Placing the family of ESPN networks on a sports tier would not only be pricey for fans, but for the pay TV industry as well.

Those were among the conclusions drawn by Needham analyst Laura Martin in her “Future of TV” report.

Martin said that research shows that if the sports giant were unbundled from the rest of the pay TV industry’s programming packages, only 20% of subscribers would purchase the networks. She estimated ESPN’s combined annual revenue at some $10.2 billion, based on affiliate fees of $7.2 billion (100 million households at $6 per month) and ad revenue of $3 billion.

If only one in five households – “super fan homes,” she labeled them – purchased the ESPN suite of services, there would have to be a five-fold jump from current monthly fees of $6 to some $30 in order for the programmer to maintain its aforementioned annualized revenue level. The steep hike would be needed to offset the drop in ad revenue, which would result from having a much smaller potential audience to draw from.  

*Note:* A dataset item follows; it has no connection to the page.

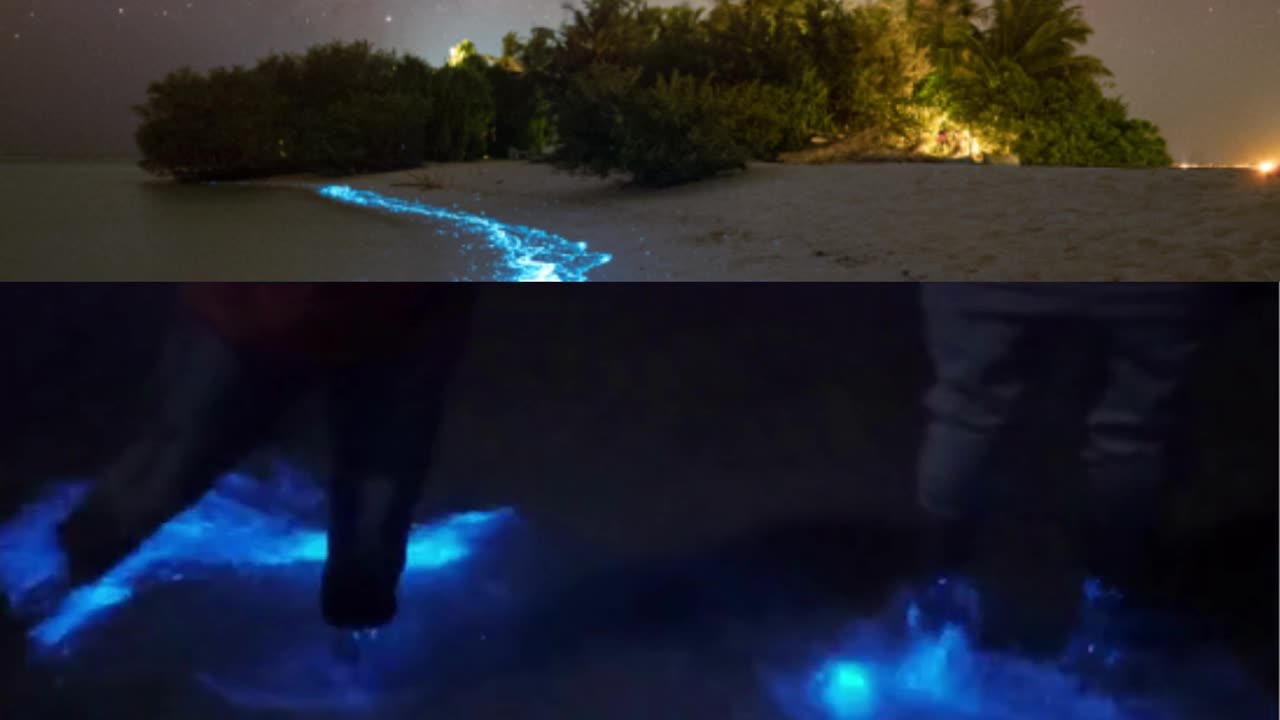 Welcome to the magical world of bioluminescent waves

In turn, that could result, Martin contends, in many ESPN subscribers punting on their entertainment packages to the detriment of the pay-TV universe overall.

"If sports leave the bundle, we estimate that many of the 20 million households that are heavy sports viewers today would disconnect the remaining entertainment bundle, thereby further pressuring ecosystem profits," Martin said, who estimated the industry would lose $13 billion in annual revenue from unbundling, $10 billion on the subscription side.

Any move toward a la would prove even more costly for consumers who would access to far less content than under the present package system.

"Unbundling dwarfs any other risk to the TV ecosystem, as we calculate that 50% of total TV ecosystem revenue (about $70 billion) would evaporate and fewer than 20 channels would survive in an à la carte world, where consumers are required to bear 100% of the cost of the channel," said Martin. "Today, advertisers bear about 50% of TV content costs."

What’s the answer, then, to the problems of rising programming costs? While she didn’t necessarily furnish specifics, bundling remains Martin’s preferred option.  

“These are complicated questions, but our answer is to find a negotiated solution that allows the bundle to grow, not shrink. A key skill set of every participant in the TV ecosystem is negotiating skills,” according to Martin. “The rights deals signed today can fill a room with paper. We think the best solution to this hard problem is to find a negotiated compromise that allows both content and distribution to win and the bundle to stay intact, or grow. We can find no math where unbundling is the best economic answer.”